Bu sözleşme, nehyedilendir. Fakat nehy, sözleşmenin kendisine ve
rükünlerinden bir rükne ait değildir. Bilakis o ikisinin dışında
bir hususa aittir. Zira o sözleşme, kendisine ait bir sıfata
aittir. O sıfat ise, helâl kılma nikâhındaki sözleşmede “helâl
kılma” şartının olmasıdır ki o nehyedilendir.
İşte böyle, nehiy uygulama ya da sözleşme için gerekli sıfata ait
olup, sözleşmenin kendisine ve rükünlerinden birisine ait
olmadığında sözleşme fasid olur. Ancak bu, o sıfat akidden
olduğunda olur. Yani gerekli sıfatın nehyedilmesi uygulama ya da
sözleşmenin kendisine ait olur. O zatından dolayı nehyedildi. Yani
uygulamanın ya da sözleşmenin kendisinden dolayı nehyedildi. Fasid
şartta olduğu gibi. Zira o, sözleşmenin kendisine aittir.

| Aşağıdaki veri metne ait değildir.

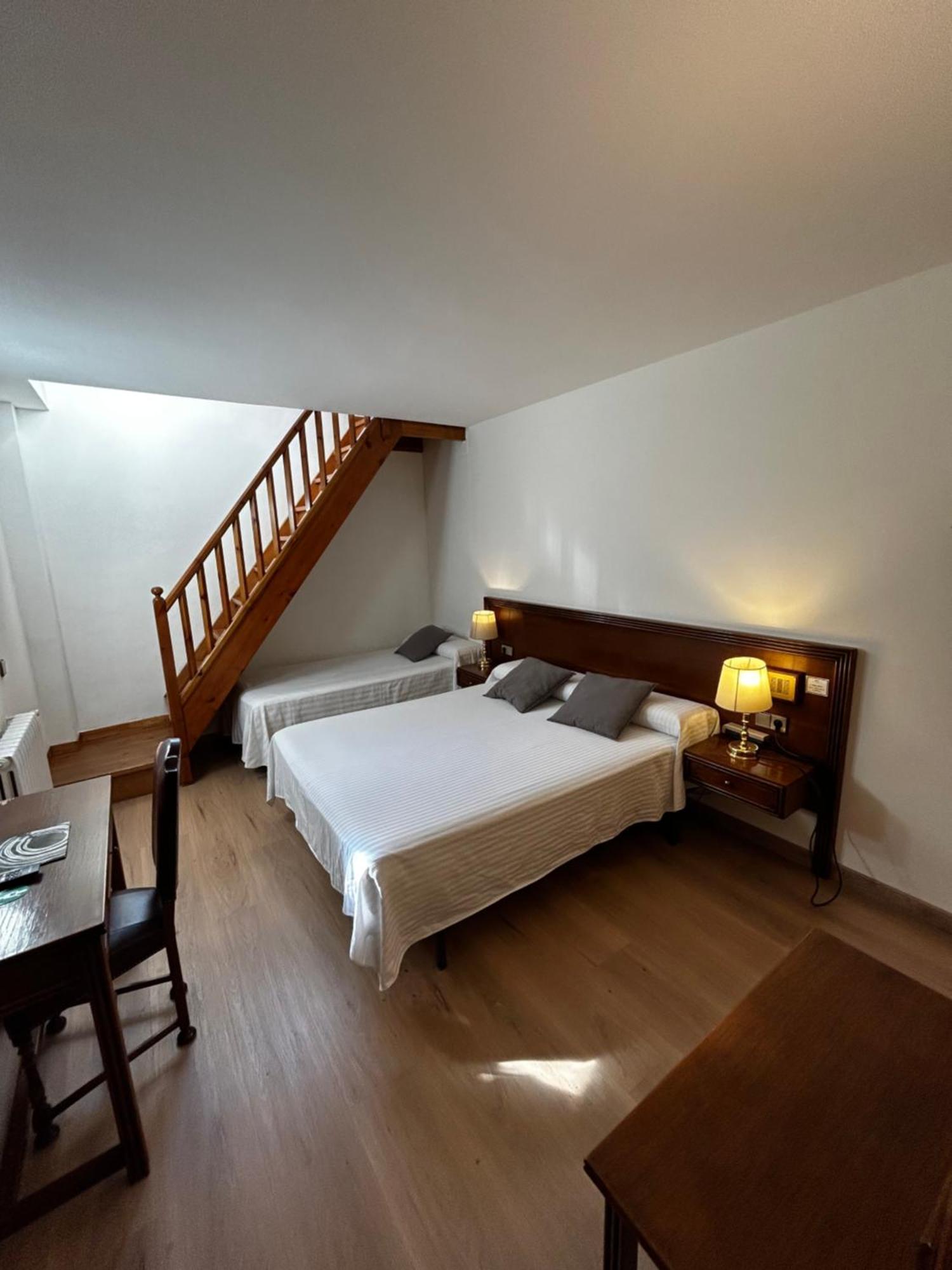 Hotel Santa Barbara De La Vall D'Ordino Εξωτερικό φωτογραφία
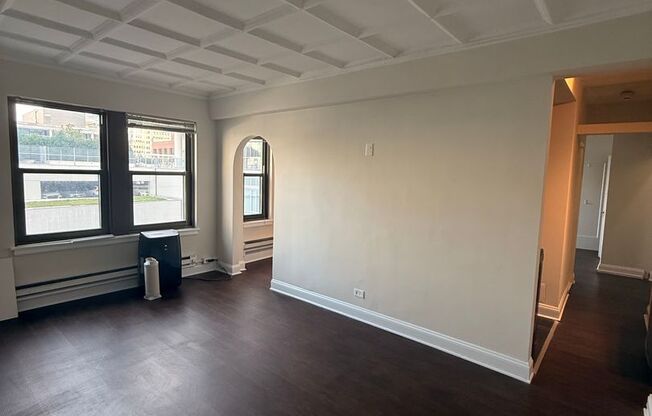 1 bed, 1 bath, 714 sqft, $2,250, Unit 0704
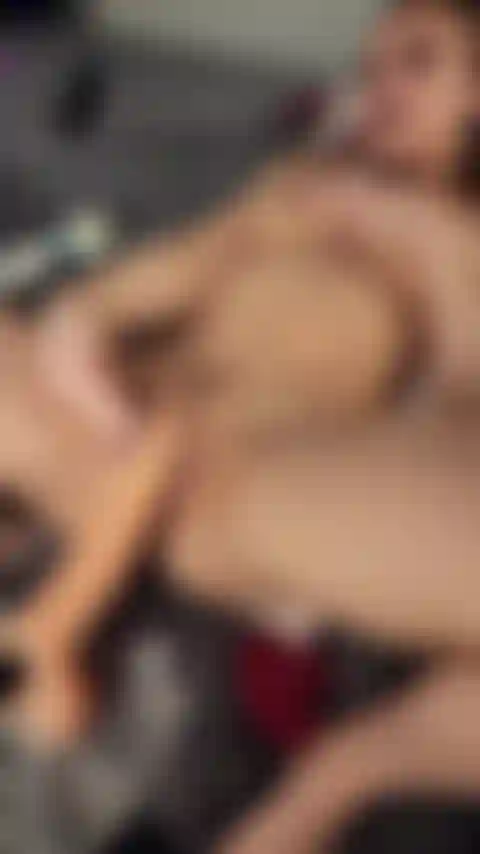 Neuer 12-zoll-spielzeugaufsatz an meiner fickmaschine. Ich musste nur die höchstgeschwindigkeit aufdrehen, bevor ich kam!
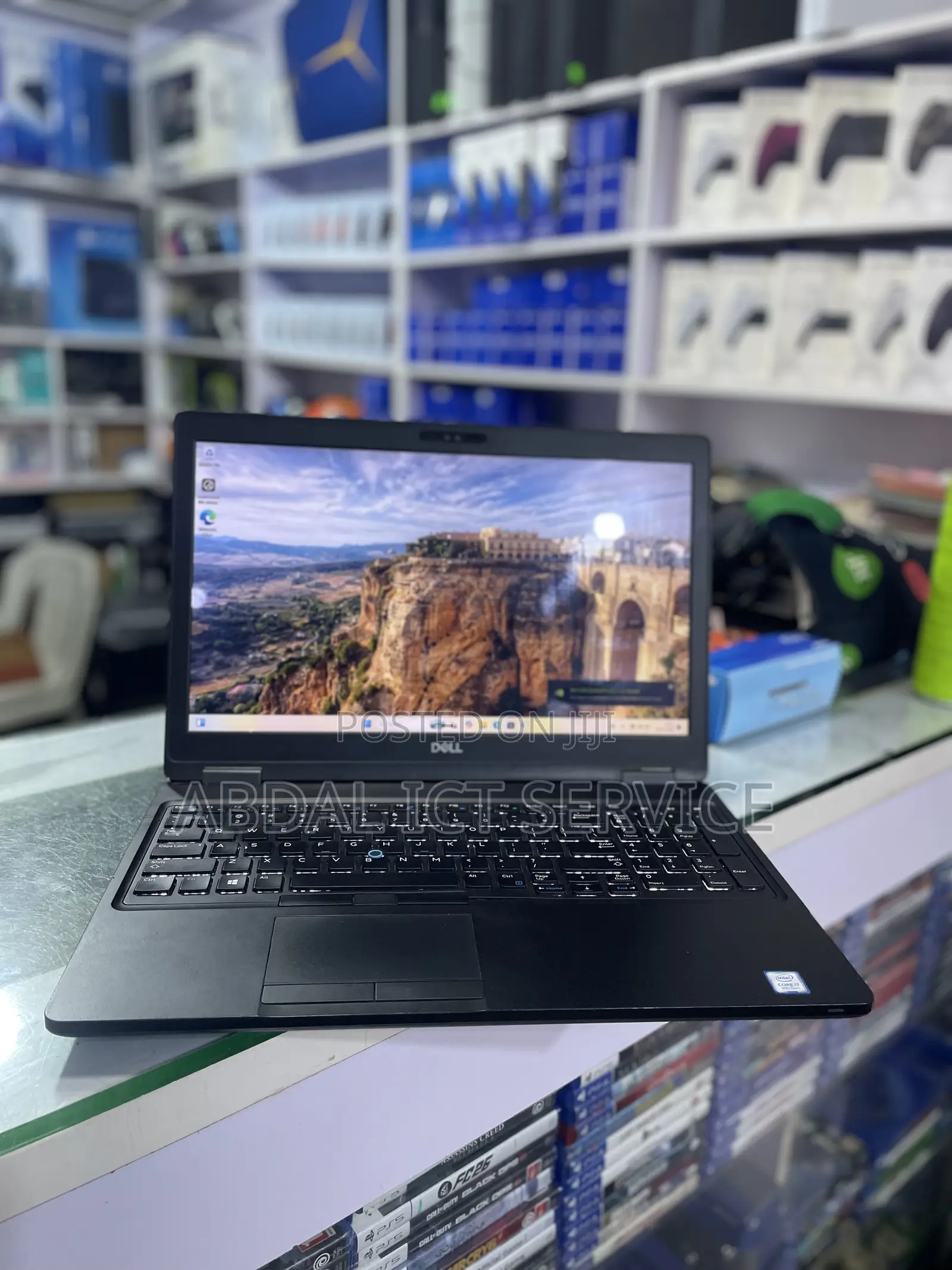 Laptop Dell Latitude 5590 8GB Intel Core i7 SSD 256GB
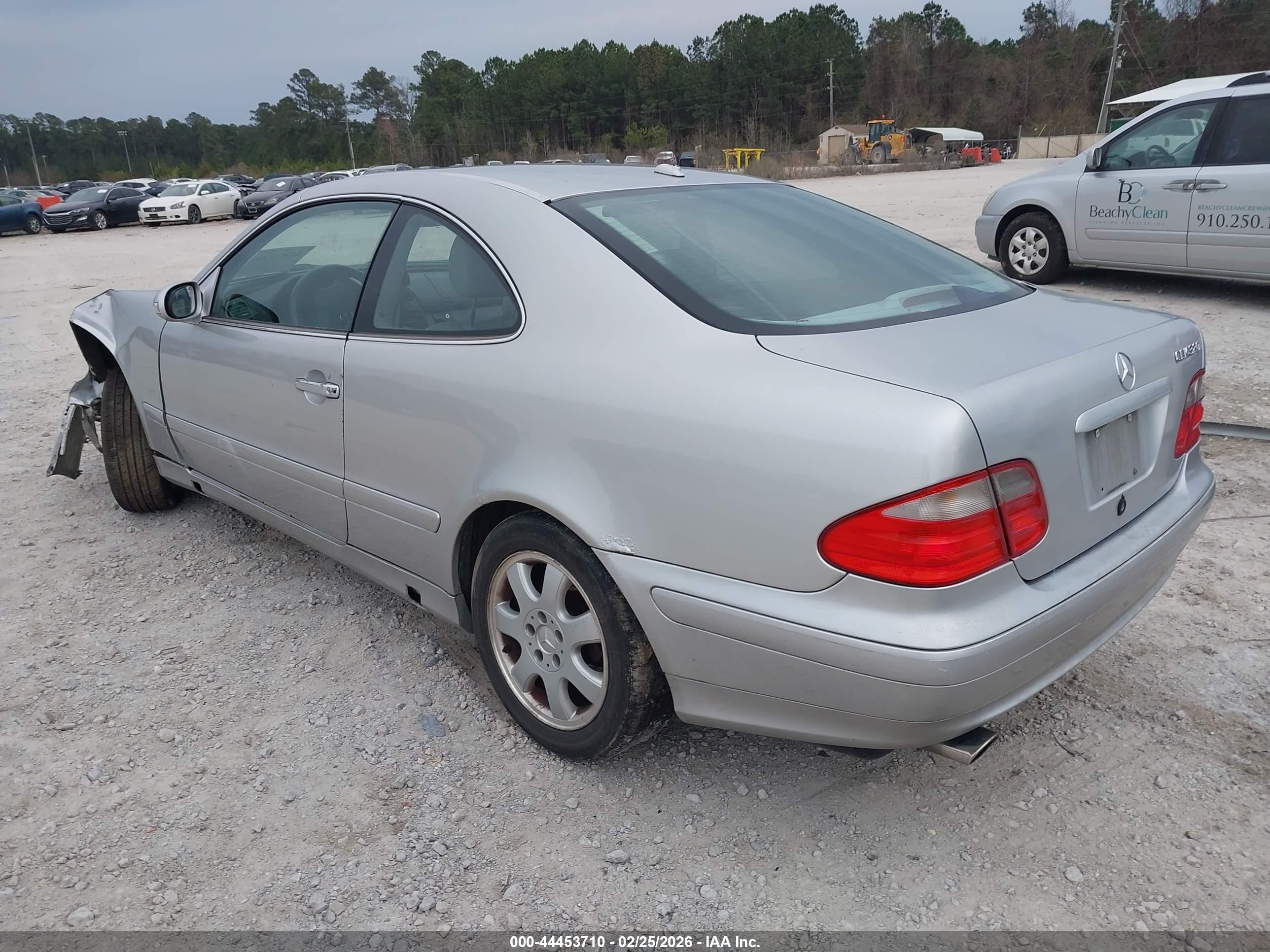 2000 Mercedes-benz Clk 320   Silver vin: WDBLJ65G7YF132733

Nehy, sözleşmenin dışında ve onun için gerekli sıfatlarından her
sıfatın dışında bir hususa ait olursa; -bu sıfat ister sözleşmenin
çeşidinden dolayı gerekli olsun, “helâl kılan nikâh” gibi, ister
ise sözleşme yapan iki tarafın ittifak ettiklerine göre gerekli
olsun, fasid şartı gibi, fark etmez- nehiy bütün bunların dışında
bir hususa ait olduğunda, sözleşmeden başkasına ait olur.
Böylelikle, o nehiy sözleşmeye tesir etmez. Cuma ezanı okunduğunda
alış-veriş yapmak gibi haram olsa da sözleşmeye etki etmez. Zira
haram olsa da o alış-veriş sahihtir. Gasb edilen yerde namaz
kılmak gibi, haram olsa da uygulama sahihtir.